_WHAT YOU ARE ASKED TO DO_: Go through the listing and set it down exactly, leaving out its pictures.

_INPUT MATERIAL_:
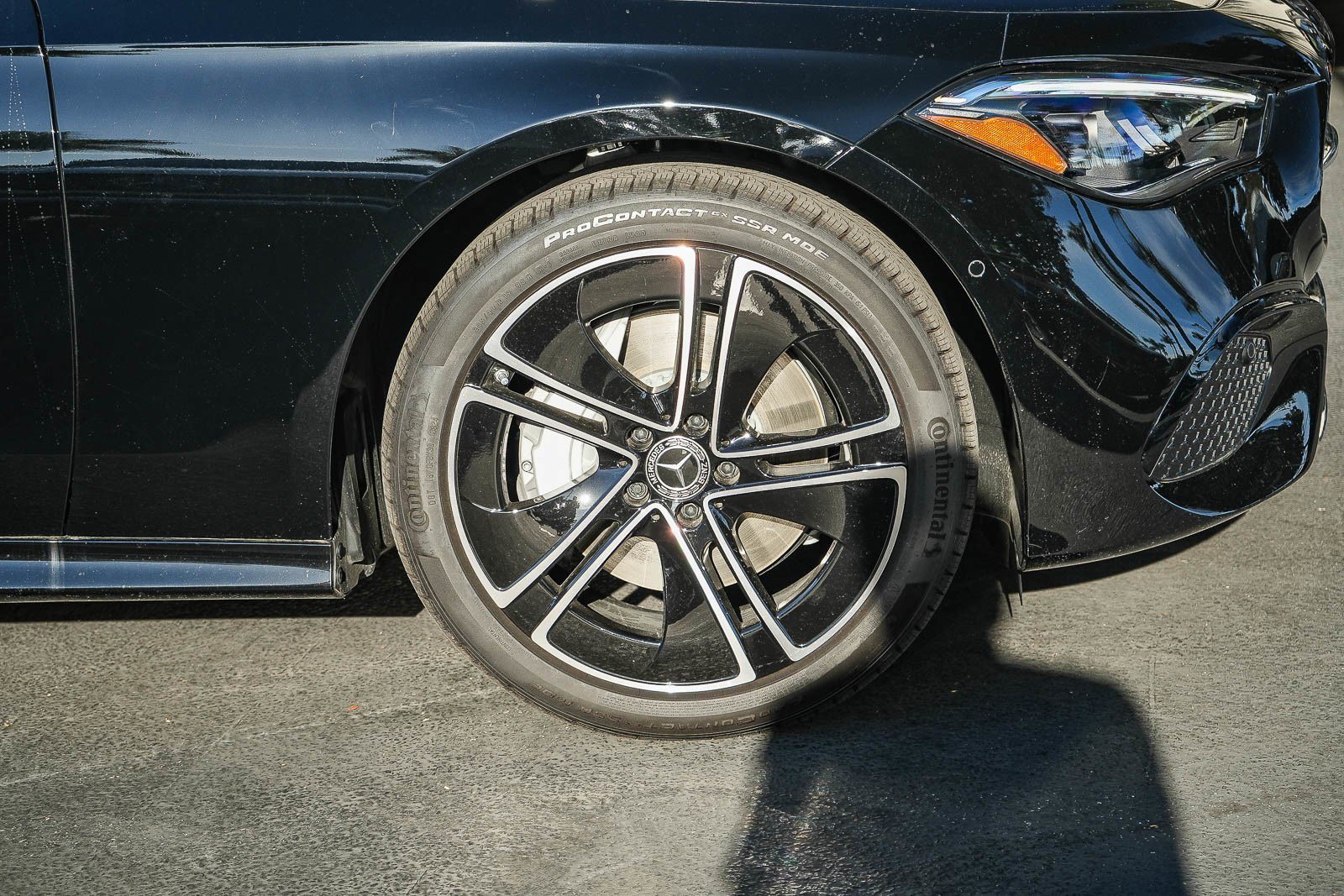 Used 2025 Black Mercedes-Benz 300 image 7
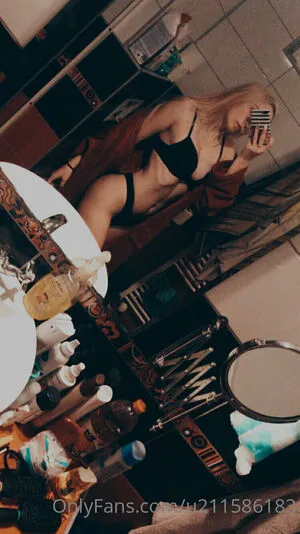 Vanessa2255 OnlyFans Leaked Free Thumbnail Picture - #HhLW0bQcLn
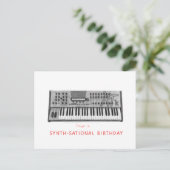 Carte Postale Avoir un anniversaire synth-éationnel - four micro (Debout devant)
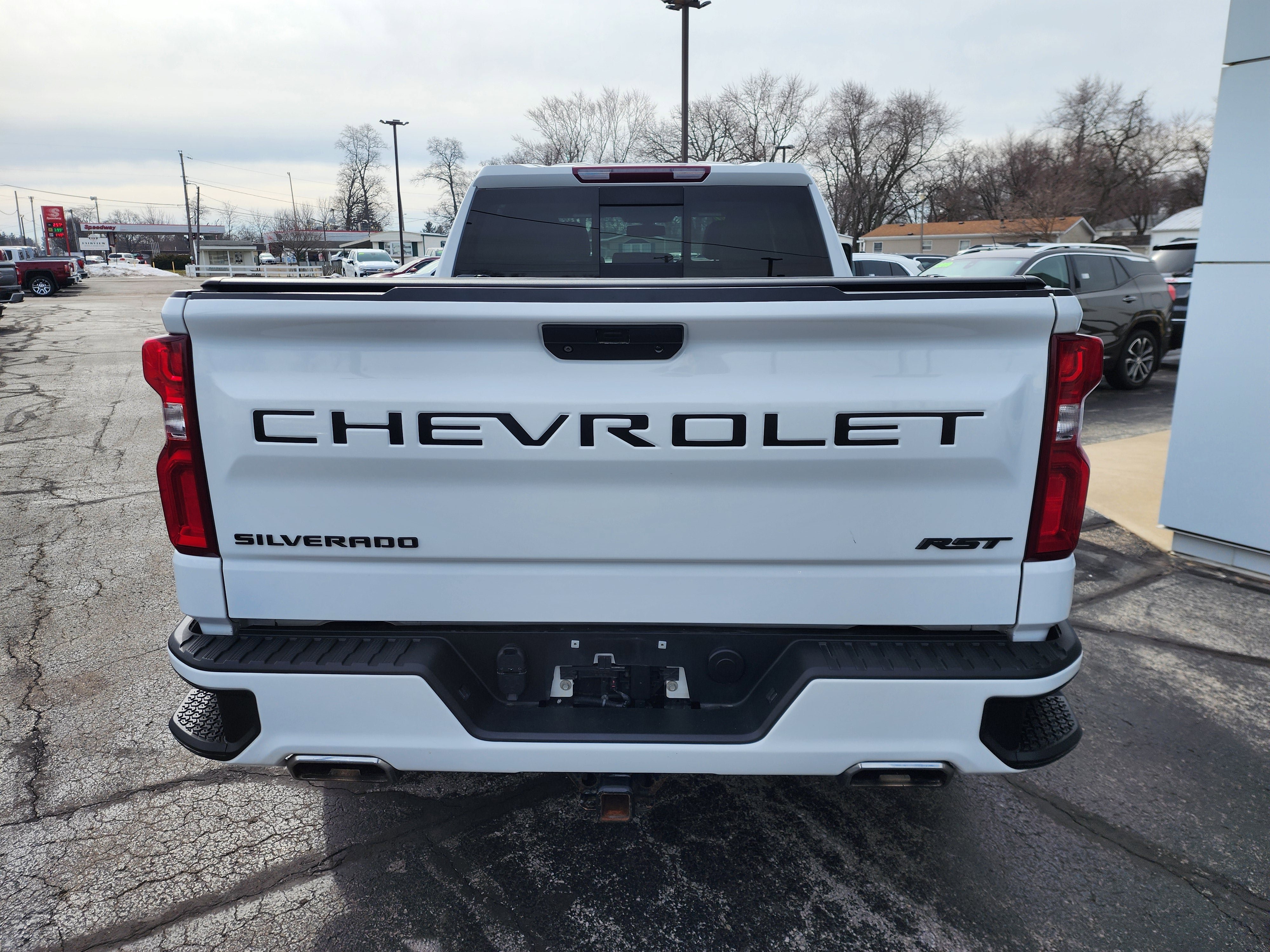 Used 2022 Chevrolet Silverado 1500 RST w/ LPO, Blackout Package AWD/4WD image 5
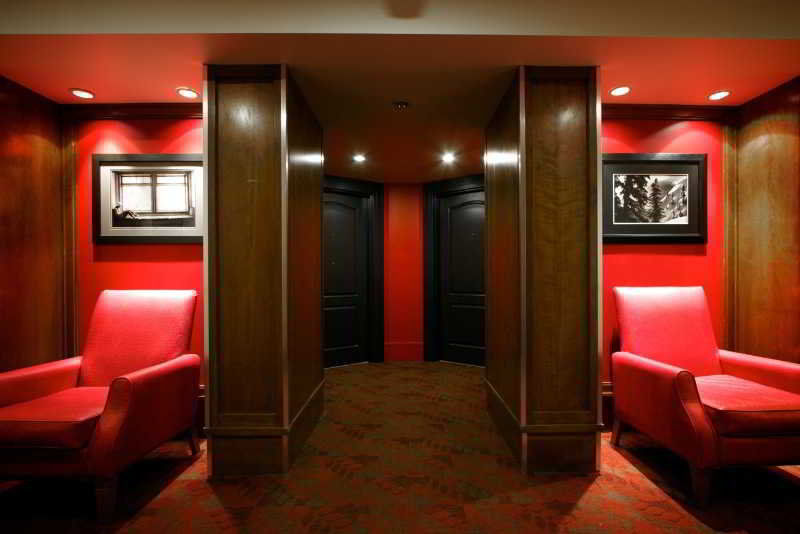 Summit Lodge Boutique Hotel By Paradox Whistler Exterior foto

_OUTPUT OF THE EXERCISE_:
 Used 2025 Black Mercedes-Benz 300 image 7
 Vanessa2255 OnlyFans Leaked Free Thumbnail Picture - #HhLW0bQcLn
 Carte Postale Avoir un anniversaire synth-éationnel - four micro (Debout devant)
 Used 2022 Chevrolet Silverado 1500 RST w/ LPO, Blackout Package AWD/4WD image 5
 Summit Lodge Boutique Hotel By Paradox Whistler Exterior foto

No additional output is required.